Affordable housing, Volusia ECHO and Forever, as well as who will replace the outgoing county attorney are all topics set for Thursday’s Volusia County Council meeting. 

While there’s no solid agenda for the Volusia County Council workshop set for Thursday, there is a list of 18 topics elected county leaders have asked to discuss, including revisiting charging for off-beach parking, “charter amendments for 2020,” and possibly selling the county’s Earl Street Ocean Walk parking garage.

Among other topics for the workshop — that’s set to immediately follow the first regular meeting of 2020 — also include the current status of SunRail, how to tackle affordable housing shortages, what happens once outgoing County Attorney Dan Eckert leaves his job at the end of the month and what to do about the expected sunset date of Volusia Forever and Volusia County ECHO funding.

The regular County Council meeting is set to begin at 9:30 a.m. at the Thomas C. Kelly Administration Center, 123 W. Indiana Ave. in DeLand on Thursday.
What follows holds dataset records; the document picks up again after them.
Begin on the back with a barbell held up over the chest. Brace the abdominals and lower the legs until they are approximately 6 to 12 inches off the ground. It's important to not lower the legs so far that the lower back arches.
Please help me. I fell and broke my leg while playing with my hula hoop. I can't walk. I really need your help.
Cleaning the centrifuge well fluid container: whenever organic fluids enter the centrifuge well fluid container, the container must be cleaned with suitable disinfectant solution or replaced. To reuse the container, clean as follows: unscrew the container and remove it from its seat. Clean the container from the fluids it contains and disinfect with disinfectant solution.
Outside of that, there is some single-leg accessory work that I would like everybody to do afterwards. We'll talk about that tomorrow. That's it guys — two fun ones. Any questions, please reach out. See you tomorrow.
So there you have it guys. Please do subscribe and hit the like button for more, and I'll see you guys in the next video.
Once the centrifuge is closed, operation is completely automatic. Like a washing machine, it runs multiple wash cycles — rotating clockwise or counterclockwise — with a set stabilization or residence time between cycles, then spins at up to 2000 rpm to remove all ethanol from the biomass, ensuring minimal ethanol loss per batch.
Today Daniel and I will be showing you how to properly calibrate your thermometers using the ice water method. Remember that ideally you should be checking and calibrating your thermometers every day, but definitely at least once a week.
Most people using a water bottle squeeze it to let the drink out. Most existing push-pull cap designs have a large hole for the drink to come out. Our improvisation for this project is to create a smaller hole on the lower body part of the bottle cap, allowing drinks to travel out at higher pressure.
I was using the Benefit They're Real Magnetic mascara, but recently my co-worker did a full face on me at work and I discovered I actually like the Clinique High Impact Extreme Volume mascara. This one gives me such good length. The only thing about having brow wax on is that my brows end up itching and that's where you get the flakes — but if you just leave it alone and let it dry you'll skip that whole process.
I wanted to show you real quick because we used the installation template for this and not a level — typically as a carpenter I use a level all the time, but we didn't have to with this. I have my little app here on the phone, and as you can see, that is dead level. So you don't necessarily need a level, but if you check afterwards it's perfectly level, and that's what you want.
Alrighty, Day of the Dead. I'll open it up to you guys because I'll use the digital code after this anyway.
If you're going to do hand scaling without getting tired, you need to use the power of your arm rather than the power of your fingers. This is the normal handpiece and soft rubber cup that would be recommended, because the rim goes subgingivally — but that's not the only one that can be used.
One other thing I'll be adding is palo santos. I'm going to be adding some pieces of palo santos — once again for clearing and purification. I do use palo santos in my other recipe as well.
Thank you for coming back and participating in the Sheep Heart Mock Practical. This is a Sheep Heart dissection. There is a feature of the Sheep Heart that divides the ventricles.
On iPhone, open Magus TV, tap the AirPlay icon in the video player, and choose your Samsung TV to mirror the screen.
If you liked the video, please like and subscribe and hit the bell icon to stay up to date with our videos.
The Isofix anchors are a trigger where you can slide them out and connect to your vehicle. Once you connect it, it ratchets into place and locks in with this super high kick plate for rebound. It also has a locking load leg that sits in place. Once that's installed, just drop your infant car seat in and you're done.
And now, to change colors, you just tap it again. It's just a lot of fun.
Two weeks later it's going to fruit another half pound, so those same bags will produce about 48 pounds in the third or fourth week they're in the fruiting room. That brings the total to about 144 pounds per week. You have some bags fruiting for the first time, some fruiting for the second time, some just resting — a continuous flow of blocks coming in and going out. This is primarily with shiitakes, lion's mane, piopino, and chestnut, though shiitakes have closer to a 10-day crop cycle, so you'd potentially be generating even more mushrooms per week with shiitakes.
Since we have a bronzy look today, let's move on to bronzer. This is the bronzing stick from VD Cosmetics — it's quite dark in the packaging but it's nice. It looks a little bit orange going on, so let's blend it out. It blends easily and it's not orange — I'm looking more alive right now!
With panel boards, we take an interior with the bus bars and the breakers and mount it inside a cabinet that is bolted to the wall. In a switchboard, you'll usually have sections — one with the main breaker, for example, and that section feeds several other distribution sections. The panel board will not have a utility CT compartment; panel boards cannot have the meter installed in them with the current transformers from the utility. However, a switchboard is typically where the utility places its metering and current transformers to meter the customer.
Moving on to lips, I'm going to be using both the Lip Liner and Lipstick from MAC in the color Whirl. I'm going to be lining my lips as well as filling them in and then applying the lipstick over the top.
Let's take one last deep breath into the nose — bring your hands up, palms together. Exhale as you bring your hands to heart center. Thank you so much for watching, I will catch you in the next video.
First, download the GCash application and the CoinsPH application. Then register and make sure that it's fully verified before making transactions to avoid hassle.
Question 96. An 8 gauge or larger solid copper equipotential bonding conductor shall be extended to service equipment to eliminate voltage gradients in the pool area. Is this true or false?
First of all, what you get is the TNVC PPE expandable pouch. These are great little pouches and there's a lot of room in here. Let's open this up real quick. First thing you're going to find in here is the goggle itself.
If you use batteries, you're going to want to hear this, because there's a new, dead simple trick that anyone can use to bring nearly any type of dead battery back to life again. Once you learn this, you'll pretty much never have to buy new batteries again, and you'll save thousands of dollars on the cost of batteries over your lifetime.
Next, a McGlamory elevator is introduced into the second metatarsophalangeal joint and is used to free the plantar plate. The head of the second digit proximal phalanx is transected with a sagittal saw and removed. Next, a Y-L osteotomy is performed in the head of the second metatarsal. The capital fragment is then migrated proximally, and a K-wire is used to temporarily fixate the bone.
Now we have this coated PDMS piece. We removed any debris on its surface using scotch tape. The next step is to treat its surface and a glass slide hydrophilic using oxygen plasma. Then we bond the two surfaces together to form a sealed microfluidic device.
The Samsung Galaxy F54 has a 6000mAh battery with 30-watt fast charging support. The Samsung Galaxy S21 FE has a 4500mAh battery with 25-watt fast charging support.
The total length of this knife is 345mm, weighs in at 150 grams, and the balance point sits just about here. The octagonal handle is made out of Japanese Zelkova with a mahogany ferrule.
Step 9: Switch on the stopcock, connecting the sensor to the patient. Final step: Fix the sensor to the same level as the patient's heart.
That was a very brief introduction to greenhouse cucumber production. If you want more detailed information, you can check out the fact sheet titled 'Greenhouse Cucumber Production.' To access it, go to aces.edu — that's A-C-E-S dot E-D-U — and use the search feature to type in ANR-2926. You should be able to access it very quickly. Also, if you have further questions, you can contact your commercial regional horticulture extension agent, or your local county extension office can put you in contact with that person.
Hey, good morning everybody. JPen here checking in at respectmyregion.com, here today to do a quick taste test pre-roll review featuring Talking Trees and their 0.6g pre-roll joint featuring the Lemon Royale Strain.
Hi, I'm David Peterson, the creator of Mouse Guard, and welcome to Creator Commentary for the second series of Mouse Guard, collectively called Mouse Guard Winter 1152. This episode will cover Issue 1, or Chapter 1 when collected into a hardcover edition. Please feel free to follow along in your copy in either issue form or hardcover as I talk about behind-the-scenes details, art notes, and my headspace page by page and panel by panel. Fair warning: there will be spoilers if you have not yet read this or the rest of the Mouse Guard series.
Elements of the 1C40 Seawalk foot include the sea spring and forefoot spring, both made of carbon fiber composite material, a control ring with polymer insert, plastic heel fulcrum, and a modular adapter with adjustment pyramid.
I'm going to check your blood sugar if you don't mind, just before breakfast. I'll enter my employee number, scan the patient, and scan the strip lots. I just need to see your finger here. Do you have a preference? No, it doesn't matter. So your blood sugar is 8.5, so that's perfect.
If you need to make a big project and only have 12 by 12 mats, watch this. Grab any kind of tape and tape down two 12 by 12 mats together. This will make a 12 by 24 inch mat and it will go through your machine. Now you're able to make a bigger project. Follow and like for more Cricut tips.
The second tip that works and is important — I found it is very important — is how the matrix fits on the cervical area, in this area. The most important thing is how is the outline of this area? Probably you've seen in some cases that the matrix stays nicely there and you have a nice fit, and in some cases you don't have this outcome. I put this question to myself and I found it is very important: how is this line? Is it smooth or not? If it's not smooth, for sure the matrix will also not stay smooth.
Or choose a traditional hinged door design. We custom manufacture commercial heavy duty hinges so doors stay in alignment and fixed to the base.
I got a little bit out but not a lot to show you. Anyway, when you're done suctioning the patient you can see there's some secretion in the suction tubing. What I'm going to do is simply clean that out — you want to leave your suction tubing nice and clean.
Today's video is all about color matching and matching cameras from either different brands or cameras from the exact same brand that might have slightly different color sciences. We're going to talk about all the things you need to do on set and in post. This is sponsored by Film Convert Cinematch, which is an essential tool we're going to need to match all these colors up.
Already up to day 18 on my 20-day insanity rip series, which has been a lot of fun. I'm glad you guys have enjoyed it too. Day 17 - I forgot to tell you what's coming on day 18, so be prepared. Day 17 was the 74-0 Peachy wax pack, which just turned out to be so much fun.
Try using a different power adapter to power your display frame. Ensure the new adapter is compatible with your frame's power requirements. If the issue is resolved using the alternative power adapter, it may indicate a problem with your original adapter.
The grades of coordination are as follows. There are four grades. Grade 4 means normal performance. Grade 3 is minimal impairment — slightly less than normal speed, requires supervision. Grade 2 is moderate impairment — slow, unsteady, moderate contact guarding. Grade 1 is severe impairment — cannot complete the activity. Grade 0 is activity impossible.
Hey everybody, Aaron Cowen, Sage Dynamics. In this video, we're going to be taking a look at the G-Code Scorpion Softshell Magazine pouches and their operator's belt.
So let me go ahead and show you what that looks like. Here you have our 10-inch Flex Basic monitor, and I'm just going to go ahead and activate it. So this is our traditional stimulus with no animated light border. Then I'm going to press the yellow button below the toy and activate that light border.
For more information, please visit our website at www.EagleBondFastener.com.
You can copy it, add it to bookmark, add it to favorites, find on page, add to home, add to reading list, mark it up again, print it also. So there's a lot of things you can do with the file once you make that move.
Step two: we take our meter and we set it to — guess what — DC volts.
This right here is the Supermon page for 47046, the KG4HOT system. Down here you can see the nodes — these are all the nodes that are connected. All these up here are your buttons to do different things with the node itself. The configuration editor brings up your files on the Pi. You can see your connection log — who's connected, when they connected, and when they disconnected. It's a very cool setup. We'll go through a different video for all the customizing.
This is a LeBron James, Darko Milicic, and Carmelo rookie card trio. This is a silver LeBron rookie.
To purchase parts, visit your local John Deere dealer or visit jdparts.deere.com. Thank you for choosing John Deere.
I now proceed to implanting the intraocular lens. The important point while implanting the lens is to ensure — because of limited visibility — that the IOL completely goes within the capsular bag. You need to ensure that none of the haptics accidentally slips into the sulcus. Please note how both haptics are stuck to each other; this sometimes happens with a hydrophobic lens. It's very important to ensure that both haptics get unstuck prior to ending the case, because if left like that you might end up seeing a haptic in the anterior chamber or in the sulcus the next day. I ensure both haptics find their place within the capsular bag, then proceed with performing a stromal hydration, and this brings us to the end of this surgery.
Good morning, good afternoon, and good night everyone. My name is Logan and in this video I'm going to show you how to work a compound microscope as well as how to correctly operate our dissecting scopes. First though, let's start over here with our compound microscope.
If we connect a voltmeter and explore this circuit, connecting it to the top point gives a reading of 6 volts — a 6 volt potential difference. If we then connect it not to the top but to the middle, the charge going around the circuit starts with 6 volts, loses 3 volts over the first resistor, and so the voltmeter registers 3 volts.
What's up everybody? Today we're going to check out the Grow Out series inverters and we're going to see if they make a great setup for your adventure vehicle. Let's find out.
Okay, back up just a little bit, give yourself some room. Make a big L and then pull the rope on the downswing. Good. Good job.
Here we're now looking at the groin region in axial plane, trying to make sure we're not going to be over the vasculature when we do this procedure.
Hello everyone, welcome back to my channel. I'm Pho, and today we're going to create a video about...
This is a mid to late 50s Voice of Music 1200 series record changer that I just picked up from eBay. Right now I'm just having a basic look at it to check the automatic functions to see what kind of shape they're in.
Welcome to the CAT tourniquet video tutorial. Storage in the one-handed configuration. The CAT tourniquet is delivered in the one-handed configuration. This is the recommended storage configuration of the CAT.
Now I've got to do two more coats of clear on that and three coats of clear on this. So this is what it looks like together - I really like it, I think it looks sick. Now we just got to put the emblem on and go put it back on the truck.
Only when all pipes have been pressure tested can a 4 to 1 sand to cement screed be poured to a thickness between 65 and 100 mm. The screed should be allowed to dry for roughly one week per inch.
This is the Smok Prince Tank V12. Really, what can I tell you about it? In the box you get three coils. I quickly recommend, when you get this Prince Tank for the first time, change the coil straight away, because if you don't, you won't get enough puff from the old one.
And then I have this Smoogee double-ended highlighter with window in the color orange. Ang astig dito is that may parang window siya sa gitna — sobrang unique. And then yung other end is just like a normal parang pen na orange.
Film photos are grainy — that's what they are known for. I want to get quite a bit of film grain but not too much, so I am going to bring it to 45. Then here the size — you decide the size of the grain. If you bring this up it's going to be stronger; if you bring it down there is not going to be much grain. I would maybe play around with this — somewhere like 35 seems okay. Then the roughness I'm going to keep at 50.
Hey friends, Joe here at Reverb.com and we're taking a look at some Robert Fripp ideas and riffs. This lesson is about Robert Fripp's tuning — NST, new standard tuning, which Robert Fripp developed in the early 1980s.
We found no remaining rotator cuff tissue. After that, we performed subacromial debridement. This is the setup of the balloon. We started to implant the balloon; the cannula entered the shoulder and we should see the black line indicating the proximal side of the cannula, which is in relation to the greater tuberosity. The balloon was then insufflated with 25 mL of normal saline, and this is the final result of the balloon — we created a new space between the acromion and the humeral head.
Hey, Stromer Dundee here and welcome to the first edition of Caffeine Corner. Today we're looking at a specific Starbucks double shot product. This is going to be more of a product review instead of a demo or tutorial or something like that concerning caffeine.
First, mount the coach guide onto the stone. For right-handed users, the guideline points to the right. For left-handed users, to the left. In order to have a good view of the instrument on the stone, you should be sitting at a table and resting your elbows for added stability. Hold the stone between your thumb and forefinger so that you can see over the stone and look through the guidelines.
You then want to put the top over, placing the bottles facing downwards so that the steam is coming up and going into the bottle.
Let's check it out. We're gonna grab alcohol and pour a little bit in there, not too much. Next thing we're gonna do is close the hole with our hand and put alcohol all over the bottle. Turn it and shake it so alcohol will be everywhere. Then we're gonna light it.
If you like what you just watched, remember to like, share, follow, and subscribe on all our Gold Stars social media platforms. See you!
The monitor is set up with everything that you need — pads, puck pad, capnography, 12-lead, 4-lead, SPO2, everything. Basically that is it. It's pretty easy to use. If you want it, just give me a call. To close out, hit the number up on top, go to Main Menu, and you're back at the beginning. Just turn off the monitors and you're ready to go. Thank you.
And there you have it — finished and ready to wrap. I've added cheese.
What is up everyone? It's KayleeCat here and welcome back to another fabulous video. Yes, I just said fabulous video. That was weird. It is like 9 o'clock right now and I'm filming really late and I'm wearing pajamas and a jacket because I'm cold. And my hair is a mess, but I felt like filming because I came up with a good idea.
Some topics, such as the SunRail presentation and the county attorney discussion are listed on both the regular agenda and the workshop list.

Here’s a look at the topics slated so far:

Future of ECHO, Forever unclear

While environmental groups have moved to urge county leaders to renew the two taxpayer-imposed taxes that sustain Volusia Forever and Volusia ECHO, which collectively fund land purchases, preservation, parks, culture and history, among other green initiatives, the two taxes are scheduled to sunset in 2021.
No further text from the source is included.